In Aerospike Database Community Edition (CE), the primary index and secondary indexes are stored in process memory, which means that they must be rebuilt upon restart in a relatively lengthy cold restart. In Aerospike Database Enterprise Edition (EE), the primary index is kept in shared memory by default, or optionally in persistent memory or on a flash device. This enables an Aerospike EE server to go through a warm (fast) restart, which is significantly faster. Server version 6.1 will add the ability to store secondary indexes in shared memory, allowing warm restarts of the Aerospike daemon (asd) when they are present. Later versions will allow secondary indexes to be stored in persistent memory and even on flash devices.

Currently secondary indexes can be built over the top level keys of a Map data structure. This is typically employed to index the top-level fields of JSON documents, which are stored in Aerospike as Maps. Server version 6.1 will add the ability to index elements nested at any depth.

Storing, Indexing and Querying JSON Documents

Since the introduction of Map and List Collection Data Types (CDTs), developers have been storing JSON documents in key-ordered Maps, and using Aerospike as a document database. Developers use the rich Map and List APIs in multi-operation transactions to query and manipulate document data atomically on the server-side. Documents (Maps) are stored in a space-efficient MessagePack binary serialization, facilitating fast access.

The Aerospike Document API library (introduced mid 2021) added the ability to store, modify and query documents using the popular JSONPath query language. The Document API splits these queries into server-side execution based on the native Map API, and augmented by a JSONPath library.

The Document API is currently available as a wrapper to the Java client, and as an interface in the Aerospike gateway (also known as the REST client). The Document API library will be ported to other programming languages that have an Aerospike client.

Together with the upcoming capability to index deeply nested elements, Aerospike Database 6 enhances the development of applications that use a document model approach. Combined with features such as Strong Consistency and Aerospike’s ability to scale up to petabytes of data and hundreds of billions of objects, while maintaining sub-millisecond transaction latencies, results in a document database at scale.

Batch Anything

Since the beginning, the client has had support for a simple batch get command, to allow multiple records (or bins within them) to be retrieved together based on a list of keys. Similarly, a batch exists command checks on the existence of multiple keys all at once, from a specified list of keys.

Later the client added the ability to execute the same multi-operation transaction against a list of keys in parallel, using the batch operate command, but limited the type of operations in the transaction to read-only ones.

With server 6.0, the addition of batch write commands (put, delete, operate transactions without restrictions on write operations) completes the ability of a developer to batch anything in their application - reads, writes, updates, deletes or UDFs. Logically related operations can be sent all at once to the database cluster.

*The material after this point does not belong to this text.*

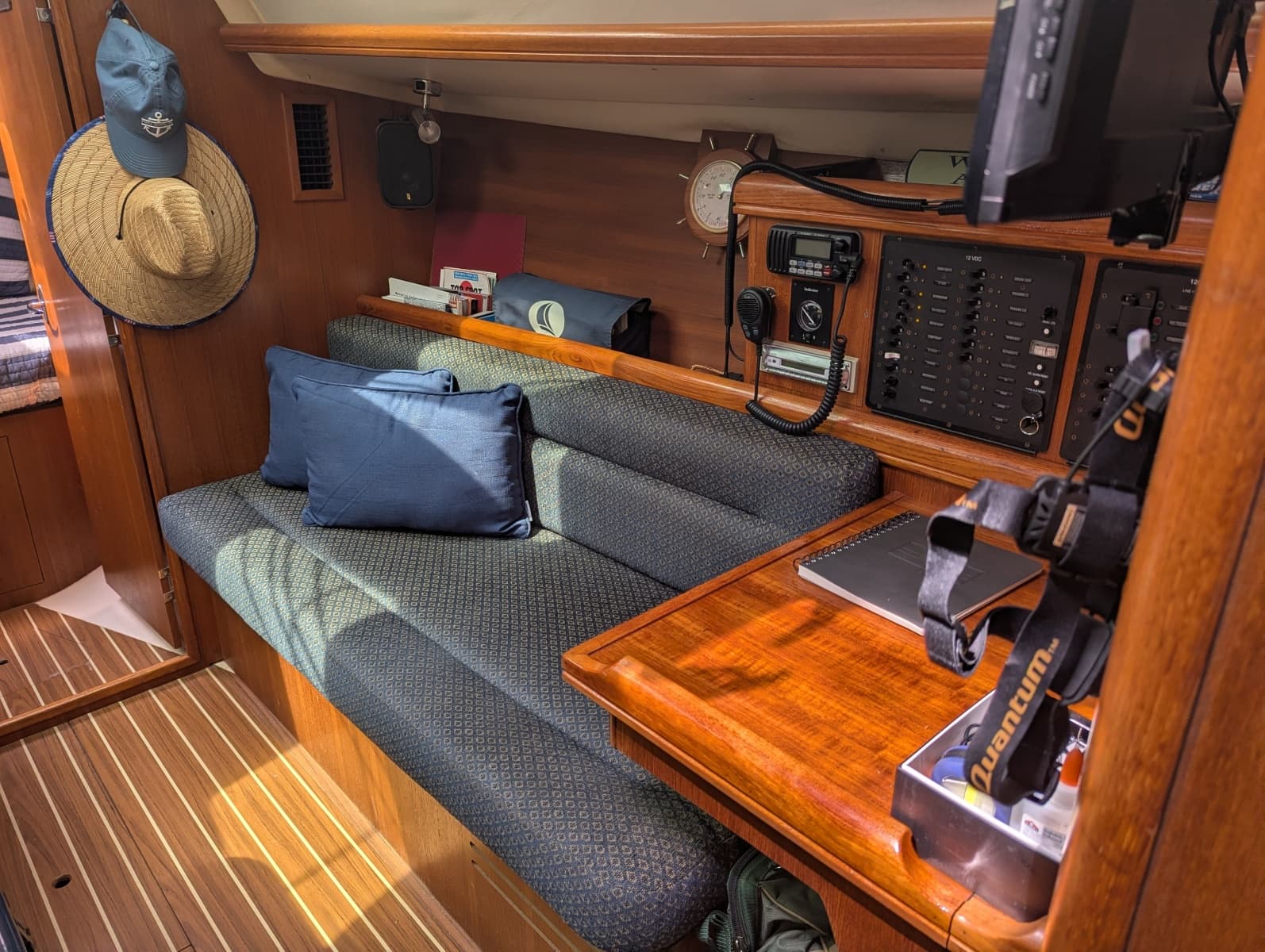 2006 Hunter 33 - Photo 22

Batch writes are more efficient than asynchronously launching a series of commands at the server. Using batch:

Reduces the round-trip time (RTT) needed to complete all the operations, lowering the overall latency
Reduces network traffic, using less connections, and combining operations into fewer IP packets
Improves parallelization, supporting faster data ingest

Developers of applications used in heavy writes or mixed workloads should consider converting from async writes to batch, for better performance and a more stable cluster.

Security Enhancements

Server 6.0 adds three new granular privileges for role-based access control.

The sindex-admin privilege grants a user the ability to add and drop secondary indexes.
The udf-admin privilege grants a user the ability to add and remove UDF modules.

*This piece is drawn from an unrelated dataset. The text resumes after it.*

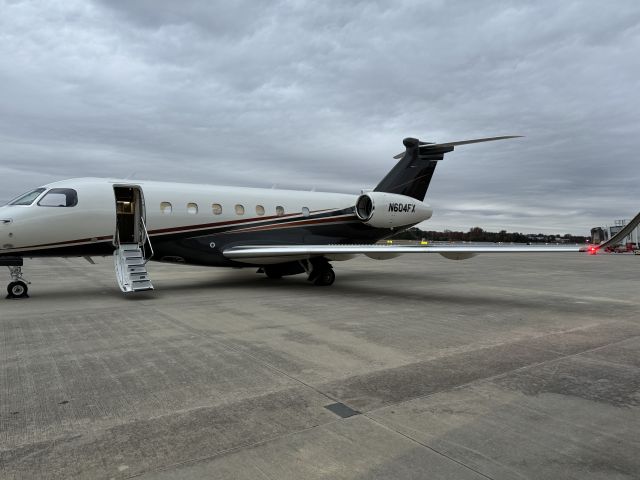 Embraer Legacy 550 (N602FX)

Previously these privileges were only available through the data-admin privilege, which some users were reluctant to grant widely.

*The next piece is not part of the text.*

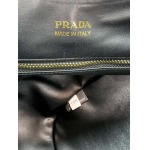 2025年4月29日入荷新作PRADA新作大 ショルダーバッグ1BC178 サイズ： 32x 25.5x 7.5cm/XX工場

The truncate privilege is now a standalone privilege, and no longer a part of the write privilege. Users representing applications that perform truncates should be granted the truncate privilege to one of their roles.

Breaking Changes

As mentioned earlier, make sure to read the release notes and the upgrade instructions. The breaking changes in server version 6.0 include

A storage format change (the addition of a 4 byte end marker to each record) requires that persistent storage devices (with the exception of PMEM) be erased as part of the upgrade. The header (first 8MiB) of raw SSD devices must be zeroized. See SSD Initialization.
Several configuration parameters have been renamed or removed:
- A small number of configuration parameters have been renamed.
  - scan-max-done to query-max-done
  - scan-threads-limit to query-threads-limit
  - background-scan-max-rps to background-query-max-rps
  - single-scan-threads to single-query-threads
- The following query configuration parameters were removed.
  - query-threads
  - query-worker-threads
  - query-microbenchmark
  - query-batch-size
  - query-in-transaction-thread
  - query-long-q-max-size
  - query-priority
  - query-priority-sleep-us
  - query-rec-count-bound
  - query-req-in-query-thread
  - query-short-q-max-size
  - query-threshold
  - query-untracked-time-ms
- The batch-without-digests configuration parameter was removed.
The truncate privilege needs to be granted to applications using truncates. It is no longer part of the write privilege.
The long deprecated Predicate Filtering (PredExp) was removed. Use Filter Expressions instead.
The ‘scan’ module of the jobs: info command has been removed. Use the ‘query’ module instead.
Be aware that scan and query related metrics have changed. We will publish a separate blog to detail these changes.

Deprecation Notice

The jobs: info command, initially deprecated in server 5.7 is scheduled to be removed after 6 more months. Use query-show instead.
The scan-show info command is now deprecated. Use query-show instead.
The scan-abort info command is now deprecated. Use query-abort instead.
The scan-abort-all command is now deprecated. Use query-abort-all instead.

Learn more

Get details about Config, Metrics, and Info Changes in Aerospike Database 6.0

Aerospike Modeling: User Profile Store

Ronen Botzer — Sun, 26 Apr 2020 04:19:55 +0000

Audience Segmentation for Personalization

I recently published the article “Aerospike Modeling: IoT Sensors” to highlight a different modeling approach when using Aerospike versus Cassandra in IoT use cases. There is a similar juxtaposition of Cassandra’s column-oriented ‘many tiny records’ to Aerospike’s row-oriented ‘fewer, larger, records’ when modeling user profiles.

tl;dr

Cassandra databases, including derivatives such as ScyllaDB, have a needle in a haystack problem that affects performance when you need low latency key-value operations. Aerospike is uniquely capable to deliver speed at scale.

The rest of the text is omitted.